* **Supplied information**
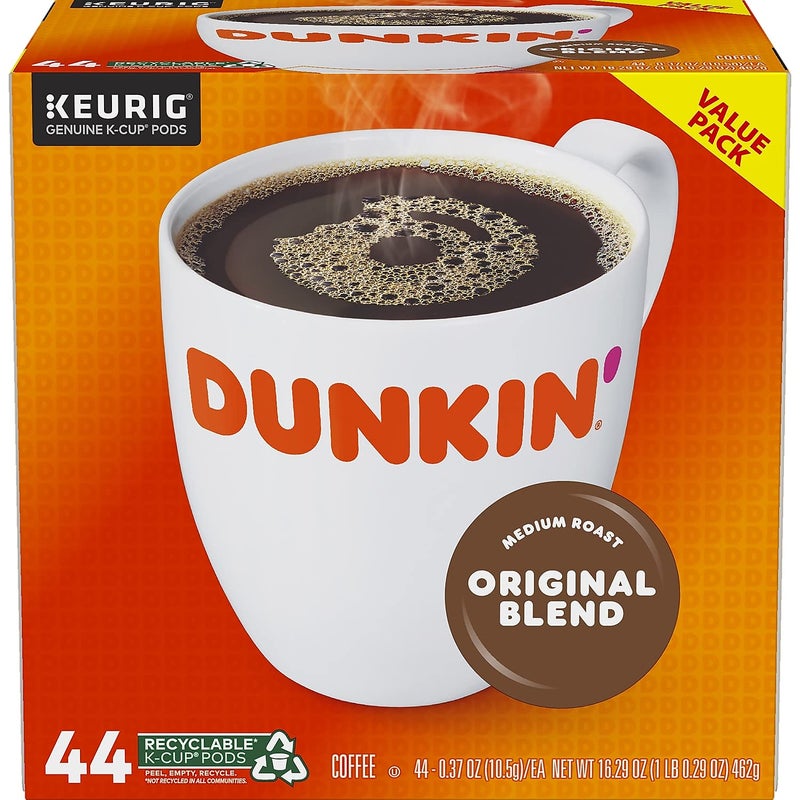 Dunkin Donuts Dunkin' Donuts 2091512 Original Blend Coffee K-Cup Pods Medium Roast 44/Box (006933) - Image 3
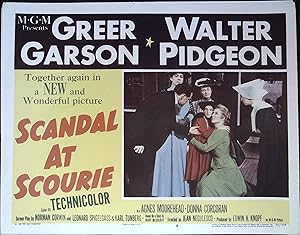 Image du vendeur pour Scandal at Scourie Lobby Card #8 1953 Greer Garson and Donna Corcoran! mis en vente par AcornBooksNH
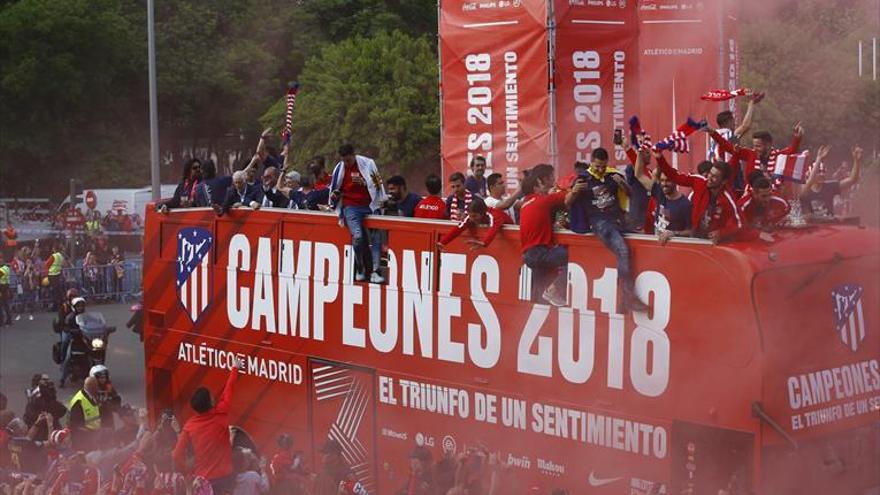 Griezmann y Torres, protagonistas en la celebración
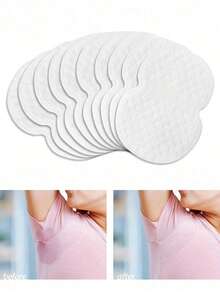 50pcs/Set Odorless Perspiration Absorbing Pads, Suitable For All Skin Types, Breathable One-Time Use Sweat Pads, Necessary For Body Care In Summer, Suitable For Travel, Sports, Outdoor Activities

* **Problem statement**
With the pictures left out, copy exactly the lines from the one containing "Griezmann y Torres, protagonistas" through the last line of the data.

* **Result of this exercise**
 Griezmann y Torres, protagonistas en la celebración
 50pcs/Set Odorless Perspiration Absorbing Pads, Suitable For All Skin Types, Breathable One-Time Use Sweat Pads, Necessary For Body Care In Summer, Suitable For Travel, Sports, Outdoor Activities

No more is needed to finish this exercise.